Where I run cheap models and where I don't
Hermes Agent is the bit doing the coding-agent work in my setup. I keep it in a container. A frontier model sits up top for the parts where I want actual judgment. A local model on the inference node handles bulk work. The routing is simple enough that each step calls the tier I think fits it.
I didn’t sit down and design the split all at once. It drifted into shape after I got tired of paying frontier prices for what was basically shovel work. The shorthand I use for it now, mostly to myself, is “expensive tokens for the judgment, cheap tokens for the labour.”
How it drifted that way
Early on I treated model choice as a quality question. Pick the best one you can afford and use it everywhere. If the work matters, spend more.
That works up to a point. Then the bills nudge you into looking at the work more honestly.
A lot of what the system was doing didn’t really need the smart model. It needed something that could read a page without falling over, pull the obvious bits out, and hand the result up the chain. The frontier model was being wheeled in to do warehouse work.
Once I started separating “decide” from “process”, the routing got simpler.
What I count as judgment
In my setup, judgment is the work where the model has to decide what matters. Planning the next step. Choosing between two approaches. Reviewing whether an answer is good enough. Spotting a risk in a diff. Weighing a tradeoff where the cheap answer isn’t obviously right.
This is where I’m happy to spend. If the job is to make a call or to check something carefully, I don’t want to be cheap about it.
What I count as labour
Labour is the volume work. Scanning a batch of articles. Pulling the obvious parts out. Rough summarising. Converting one shape into another. Stacking material together so a stronger model can look at it later.
It still matters — a bad labour pass poisons everything downstream — but it doesn’t usually need the best model in the room. If I send all of it to the frontier model, I’m paying premium rates to reformat text. Fine at small scale. Less fine once the system is doing more than one thing at a time.
The research pipeline
Research is where this split paid off first.
When I’m scanning thirty or forty sources, I don’t want a frontier model reading each one top to bottom. I want something that can fetch the material, pull out the relevant parts, skip the junk, and produce rough summaries with a flag on what looks worth a second look.
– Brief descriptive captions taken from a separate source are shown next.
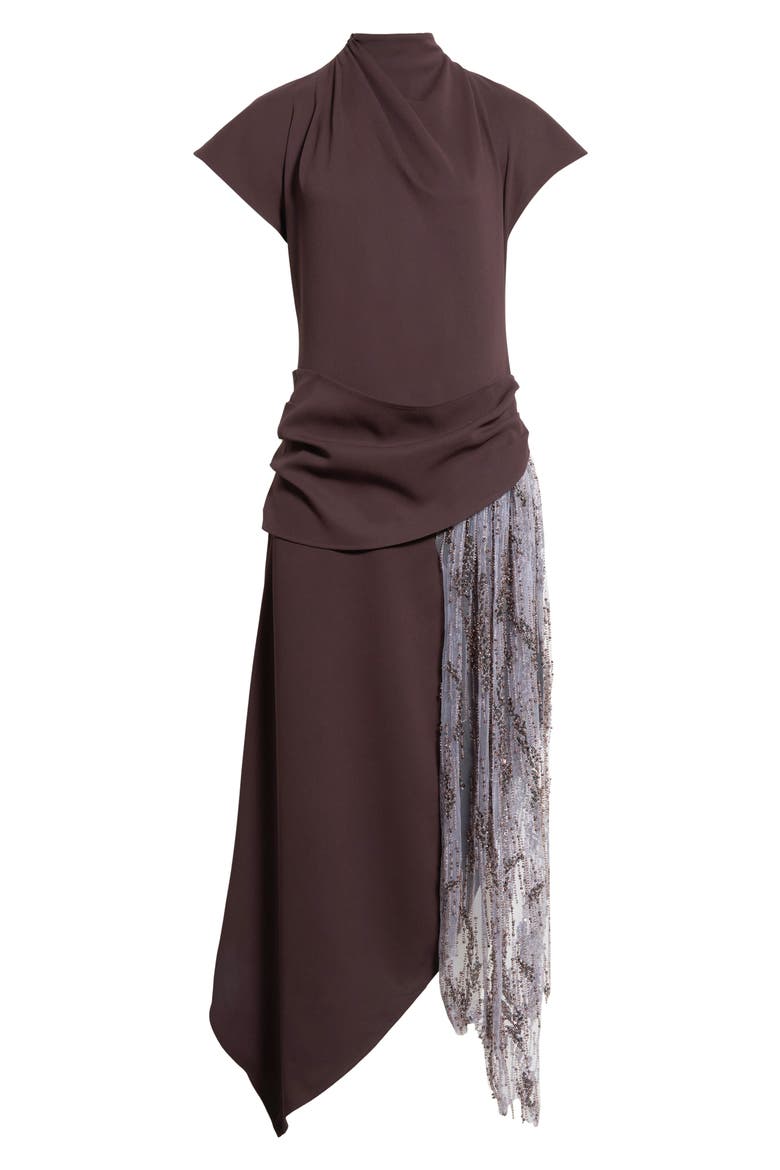 Effie Bead Detail Mixed Media Dress, Main, color, EARTH/LILAC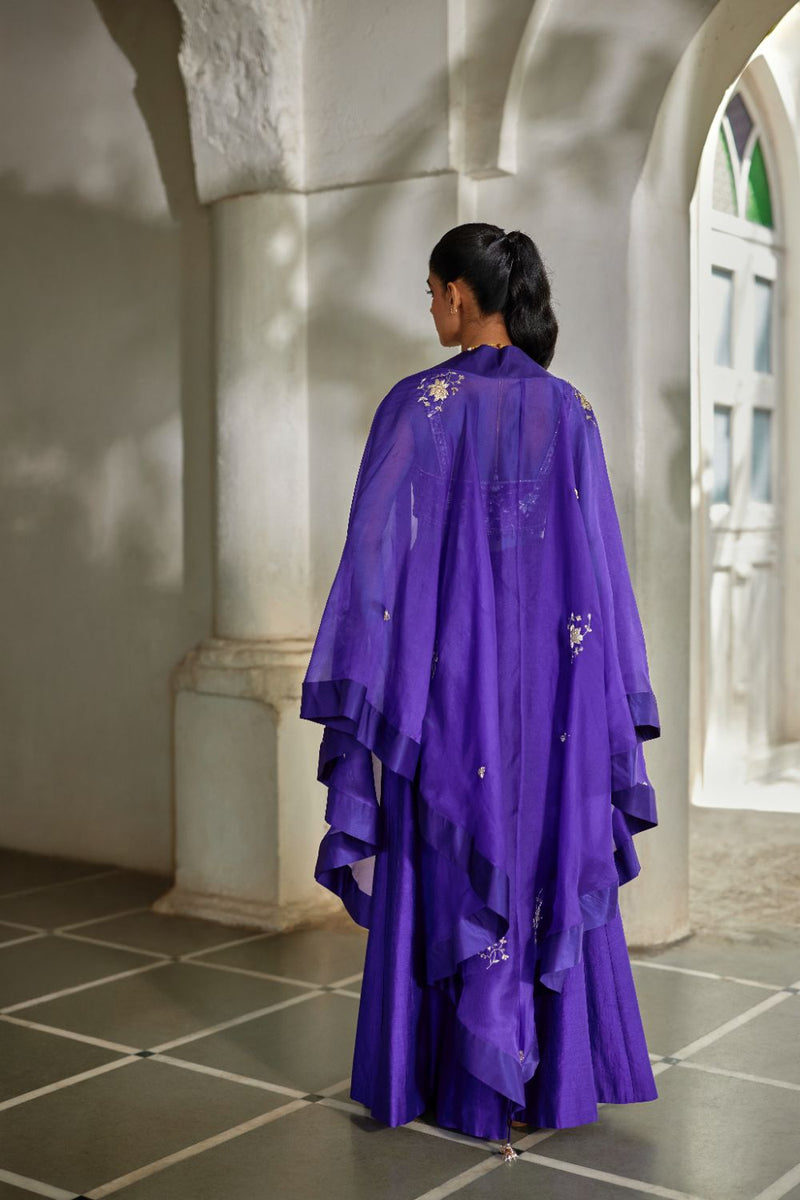 PH-3100 Zilu Cape Palazzo Set organza by Paulmi & Harsh for women in Singapore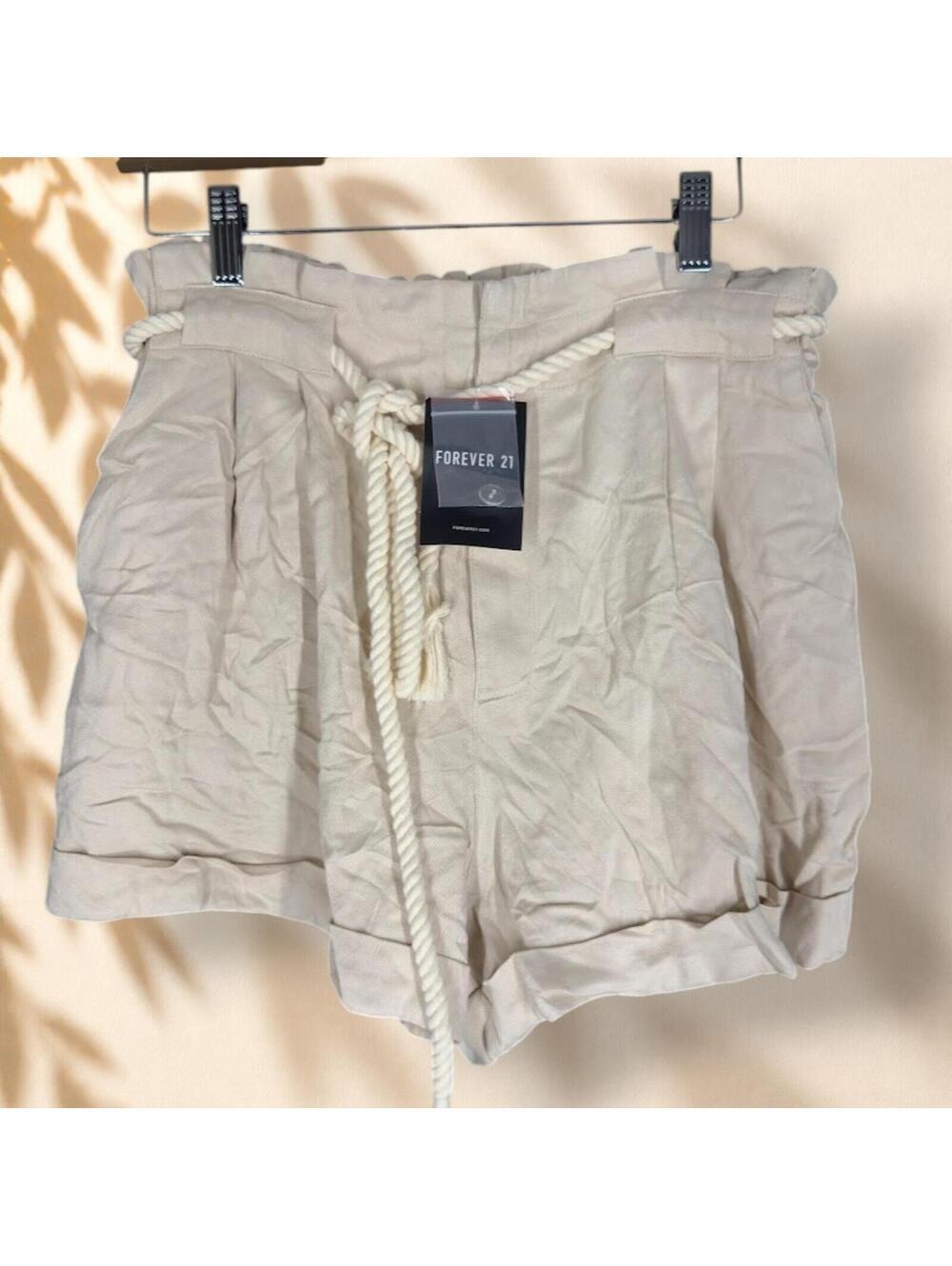 New Forever 21 Shorts Women M Medium Gray High Rise Cuffed Belted Pockets Rayon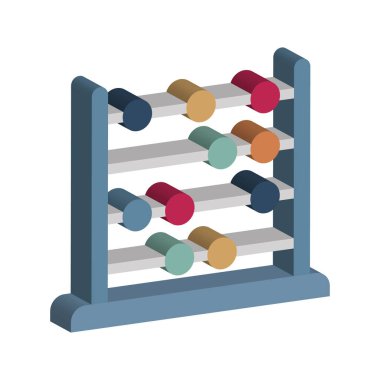 Abaküs Isometric Vektör izole simgesi kolayca düzenleyebilir ya da değiştirebilir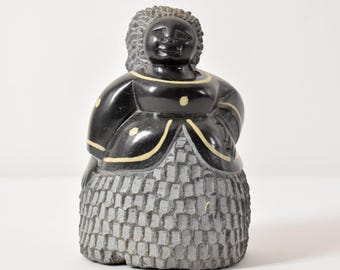 本物のアフリカ美術、ショナ族の彫刻、美しい女性、ジンバブエの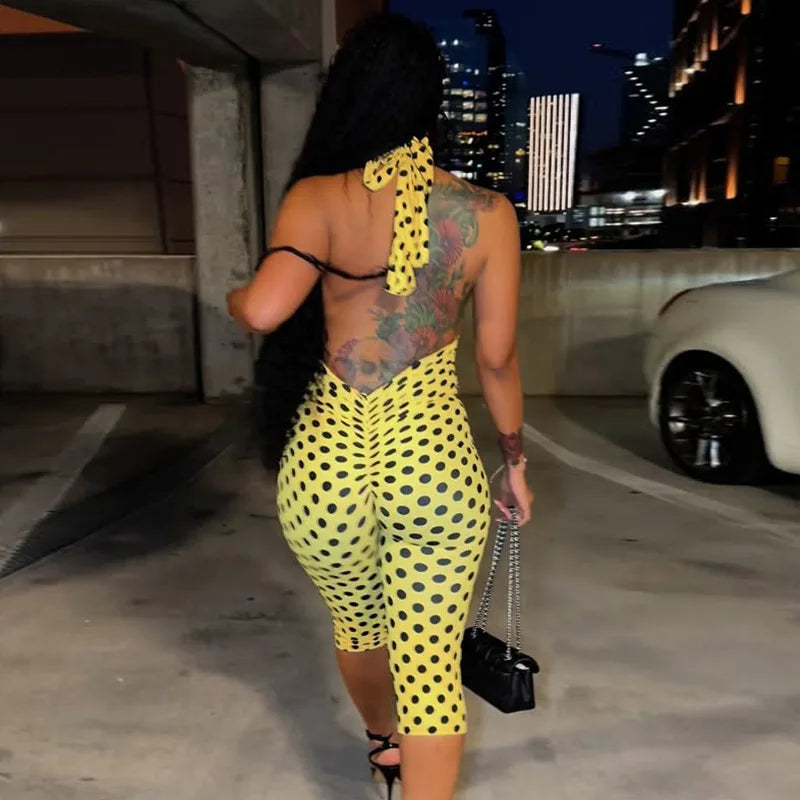 FAGADOER Fashion Color Dot Printing Bodycon Jumpsuits Woman Halter Sleeveless Backless Rompers Female Streetwear Overalls 2026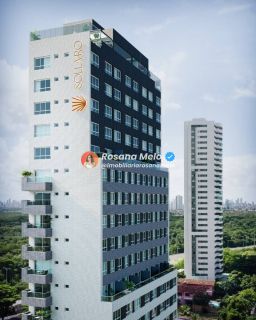 Studio com varanda, 28,48m², piscina com borda infinita, Sollaro Studio Design, Boa Viagem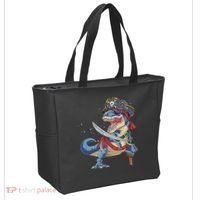 Dinosaur T Rex Pirate Jolly Roger Halloween Funny Tote Bag thumb 2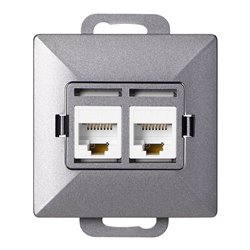 GNIAZDO 2XRJ45 CAT5 PEARL, RJ45-5CAT/P2, ANTRACYT ORNO GNIAZDO 2XRJ45 CAT5 PEARL, RJ45-5CAT/P2, ANTRACYT ORNO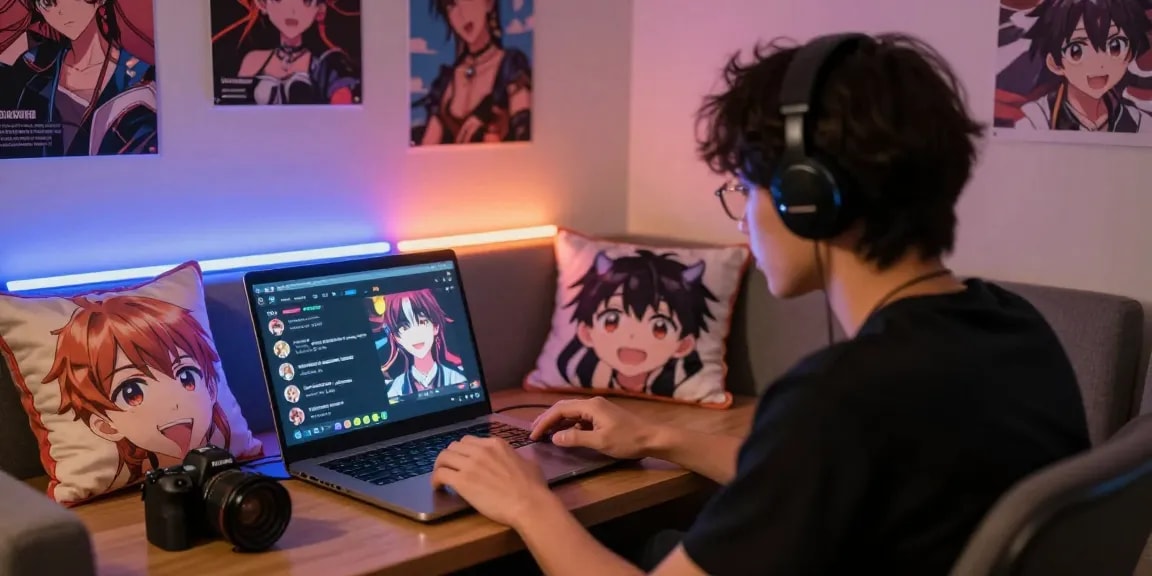Engaging user in AI chat hentai conversations within a cozy digital setting.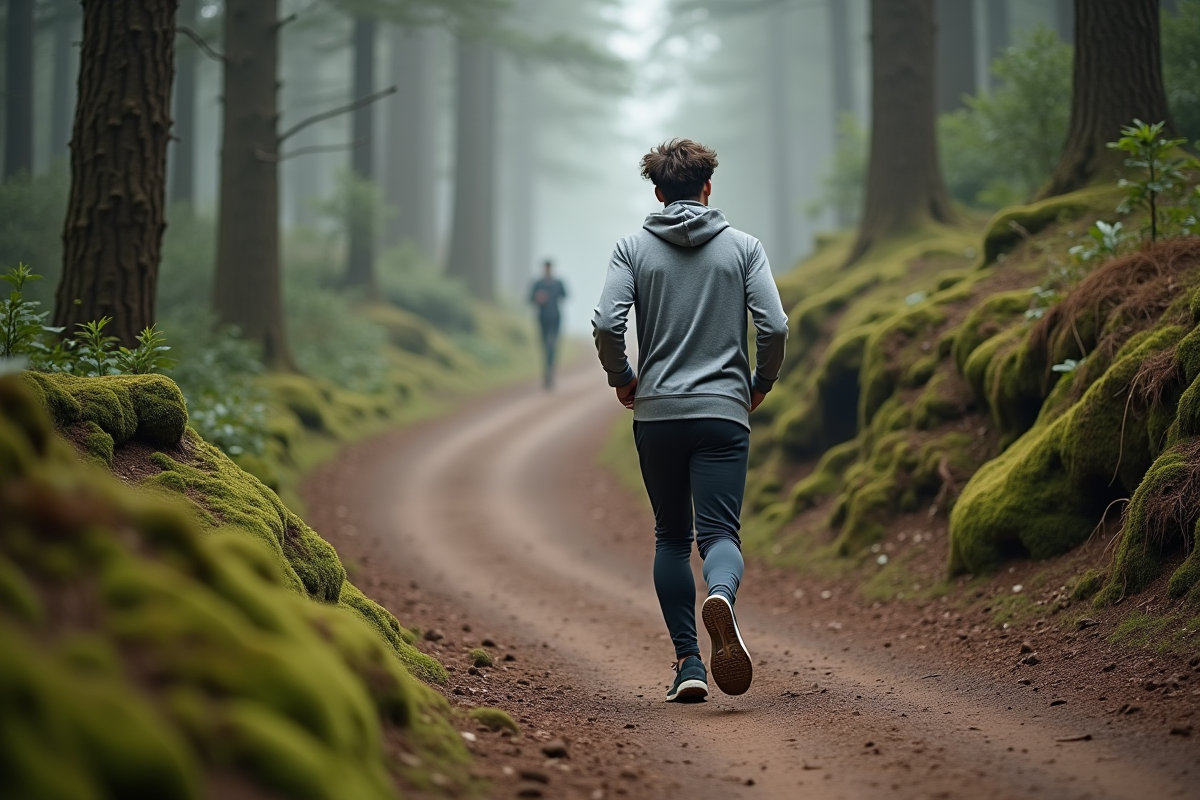 Jeune homme marche en forêt sur un sentier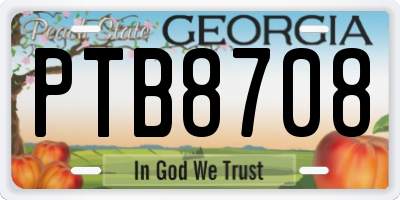 GA license plate PTB8708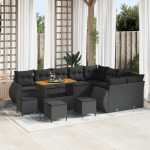 Set de canapea de grădină  cu 13 piese cu perne Negru Ratan Poli Acacia, Set de masă de grădină  cu 4 piese cu perne Negru Ratan Poli Acacia GartenMobel Dekor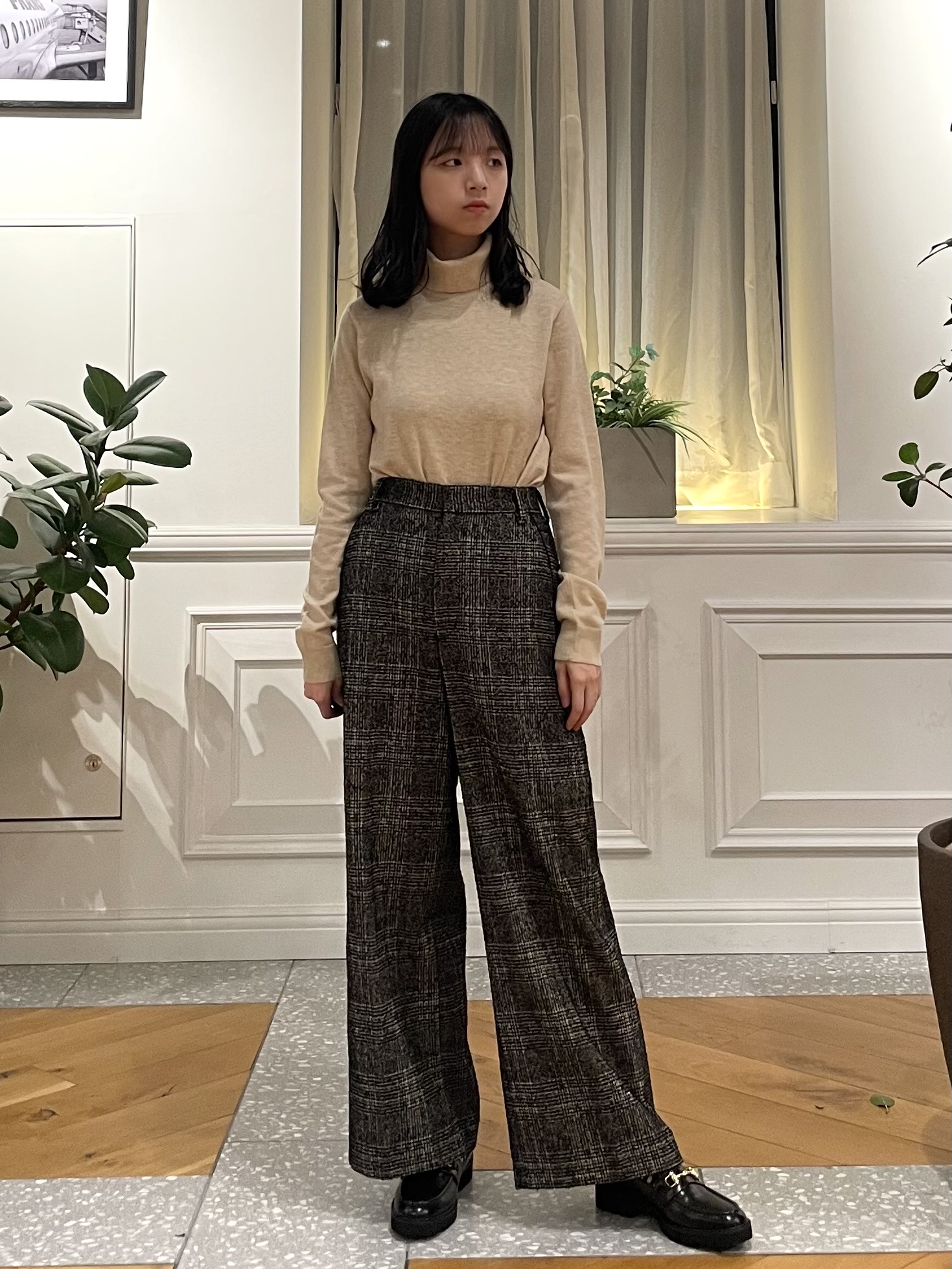 Lilyさんの「DRESSTERIOR｜【セットアップ可能】ループグレンチェックダブルジャケット」を使ったコーディネート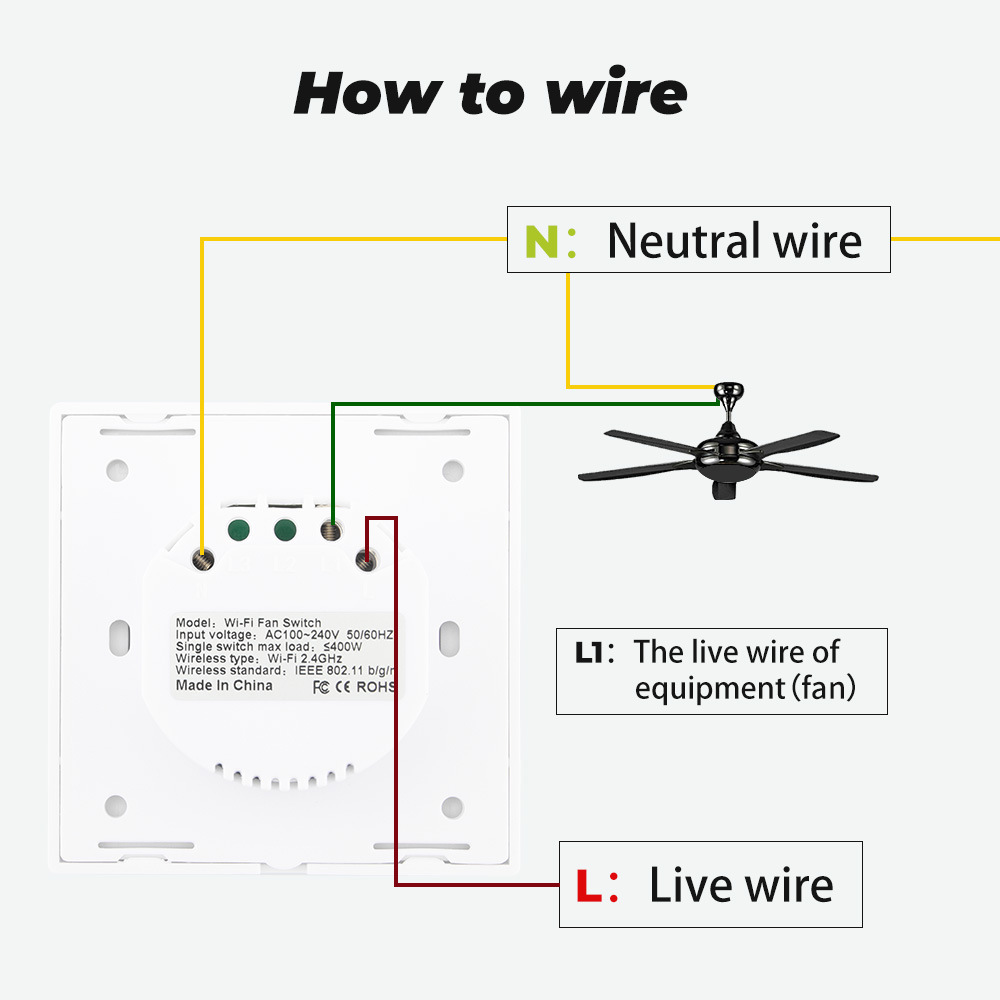 Tuya Smart Life App Remote Control WiFi Ceiling Fan Speed Regulator Switch RC fan switch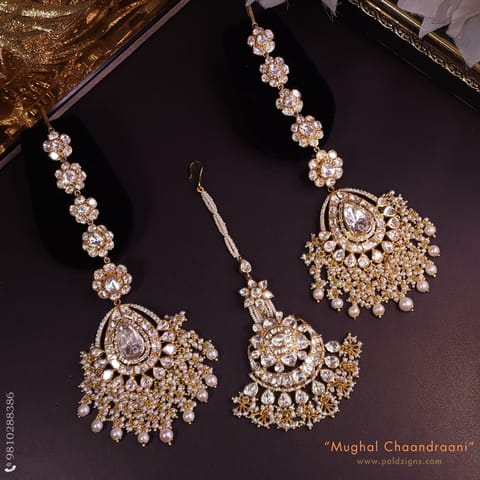 Mughal Chaandraani Moissanite Polki Earrings  And Tikka Combo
That’s labour, and the local model handles it well enough.
Once the pile is smaller, the stronger model takes the part that benefits from actual judgment. What’s signal here, what’s noise. What belongs in the briefing. What’s just the same story retold with a different lede.
The cost saving is real, but the thing I actually notice is focus. The stronger model spends its tokens on the decisions, not on the warehouse work leading up to them.
Coding has the same shape
Coding has its own version of this. Some parts I want a strong model on — architecture choices, careful review, security-sensitive checks, anything with enough edge cases that a weak answer costs more to clean up than it saved. Hermes Agent in the container handles the implementation pass for the clear-frame jobs, then a stronger model checks the diff before anything lands.
Plenty of the rest is implementation inside a clear frame. A function with a well-defined signature. A refactor with a test suite around it. Boilerplate that has to be correct but isn’t load-bearing in a thinking sense.
I’m not claiming the cheapest model should do all of that. I just stopped pretending every part of the process deserved the same tier.
In my own routine, the bit that makes me comfortable letting a mid-tier agent do the implementation is that there’s a stronger model reading the diff before anything lands. Without that pass I’d push more of the work back up the chain. With it, the cost profile shifts and I haven’t had to clean up much.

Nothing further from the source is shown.